This morning I walked through my home in the early morning light and found myself wrapped in the joy of loving my life.
The fact is, I love my life.
I love the race car track spread out in the sunroom floor.
I love Anna's "I'm reading that" books liking here and there. Four in all right now.
I love the sleeping bags rolled up nicely and sitting misplaced in my bedroom floor, knowing on any given night, for reasons I may never know, my youngest will wander in, unroll one, and find peaceful rest sleeping on it on my side of the bed.
I love Robert's stained and wrinkled memory verse paper lying crinkled on the table beside the recliner where we learn the scriptures together.
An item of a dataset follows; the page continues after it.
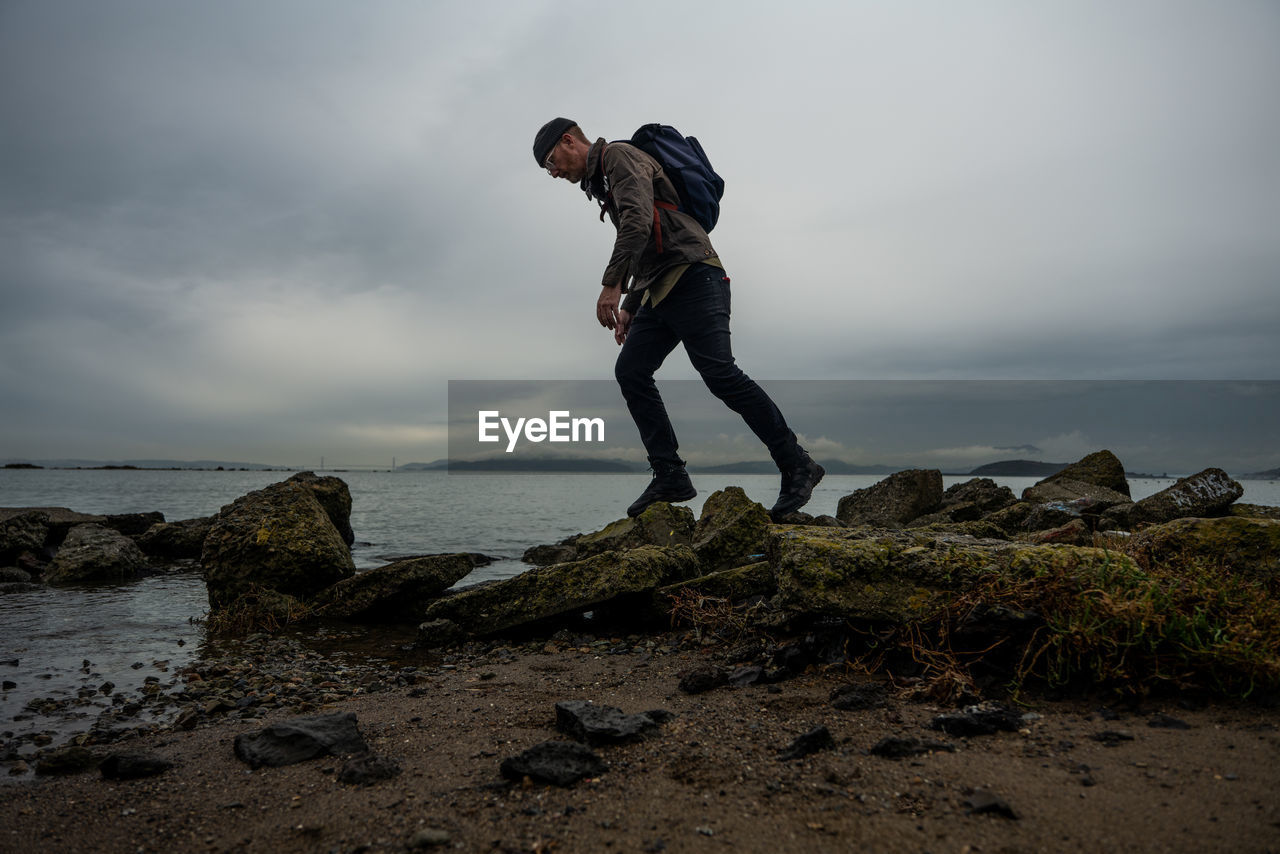 Hiker walks across mossy muddy stones from structure on bayside beach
I love pens, pencils, and crayons waiting for their next creative adventure. I wonder if they ever considered waiting in the tubs with the rest of the pens, pencils, and crayons. But then, what is the fun in being like everyone else, right?
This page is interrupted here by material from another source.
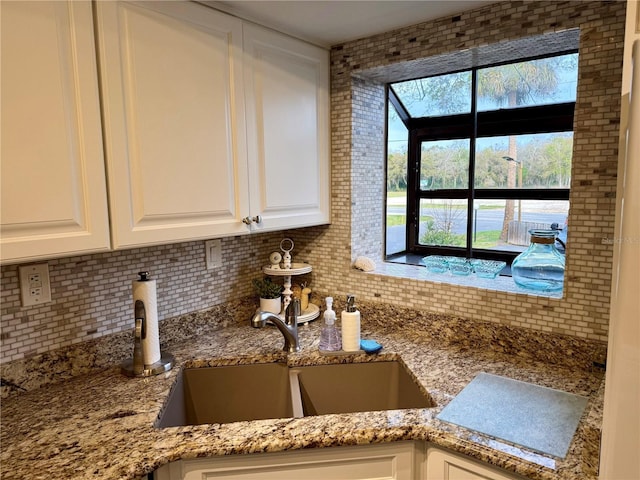 kitchen with tasteful backsplash, white cabinetry, a sink, and light stone countertops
I love Robert's waking up really early to see Rob off to work and then falling asleep in my lap in the recliner, where I leave him while I type in a few words of thought or sit a bit at Jesus' feet. Sometimes I just stay in the reclner, peaceful nine-year old spread across me, in wonder of how much his act of love reveals God's love for me.
I love the sound of our Millie-Mix snoring on the couch close to us. An abandoned dog tagged for destruction, rescued, loved, restored. In so many ways, I can identify.
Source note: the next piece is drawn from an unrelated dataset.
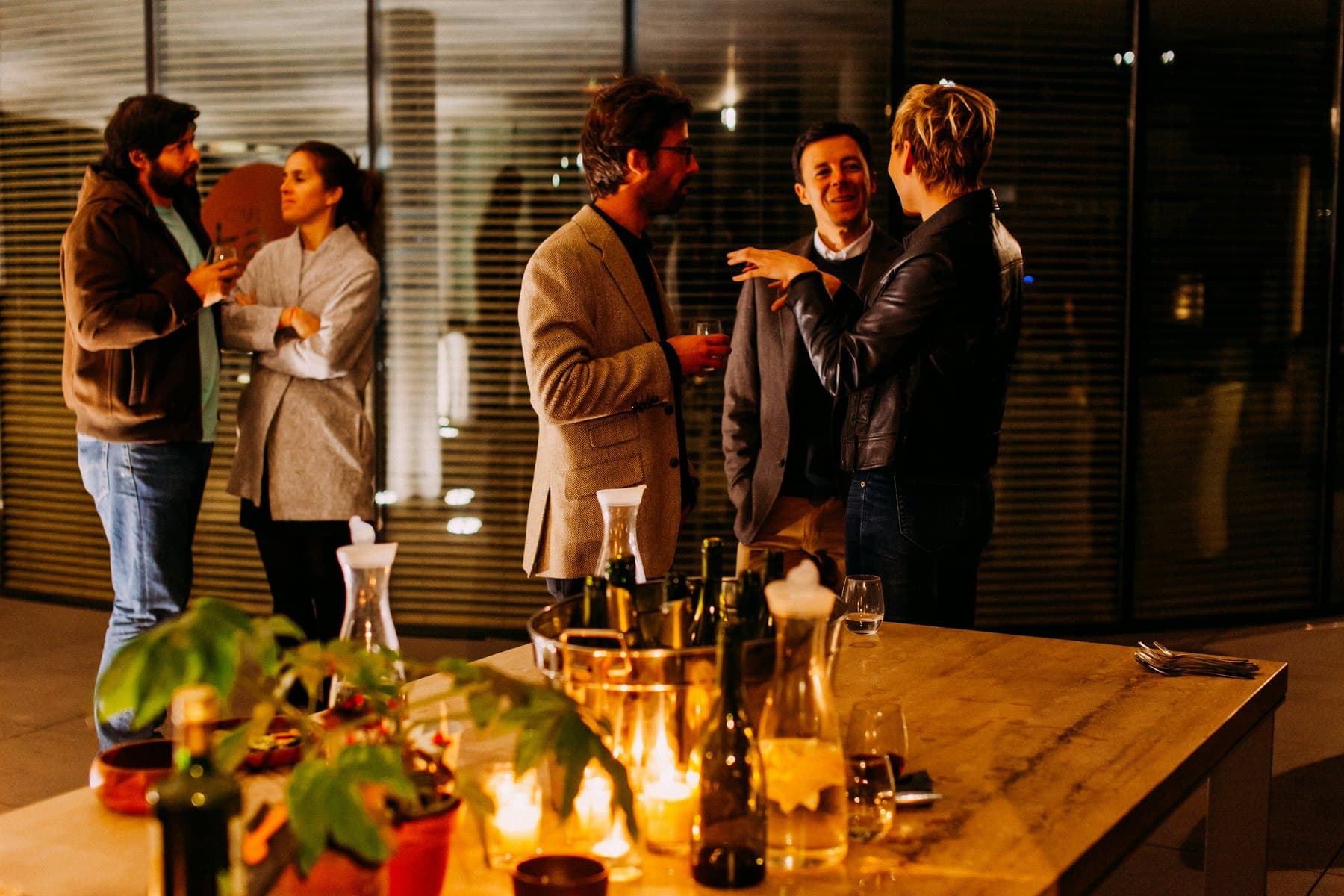 Guests in conversation at a corporate drinks reception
I love the unmade bed where Rob and I spent a few moments this morning whispering in the dark, warm and content--and then the alarm went off....again.
I love the smile of remembering...
I love Bibles stacked in different parts of the house. Different versions. Different study notes. All used at different times.
I love the huge Christmas tree standing in the living room with its decades of ornaments...each one a piece of our history, a symbol of what has made our present...and the stories...the smiles...the sneaky tears that come with memories of those rejoicing in the wonder of Christmas every day...at Home.
I love the sun spilling through the windows, the creative remodel design bringing sunlight where darkness used to be.
I love coats waiting to keep us warm, mittens to protect precious hands, and scarves...a gift from Gran.
This morning I even love the two piles of laundry sitting in the living room waiting to be folded...and now ironed.
I love the Kleenex boxes, not put in away in tidy cubbies, but sitting out ready to render aid during this season of sniffly noses and too common sneezes.
Funny how things on a driven day--the day when I'm drowning in my to do list or the day when I'm concerned not so much about the people who live in this house but about what those outside think of it--funny how on those days, a book on a table instead of a shelf, a toy in the floor and not in a bedroom, or a child who is more concerned with how to love than how things look can be such nerve fraying burdens. However, there are times when wisdom whispers louder than the cacophony of life's uninterested demands, and I stop and ask, "Lord, what do you love?" When I listen closely, I find He loves the same things I do.
In that moment, I love my life all over again.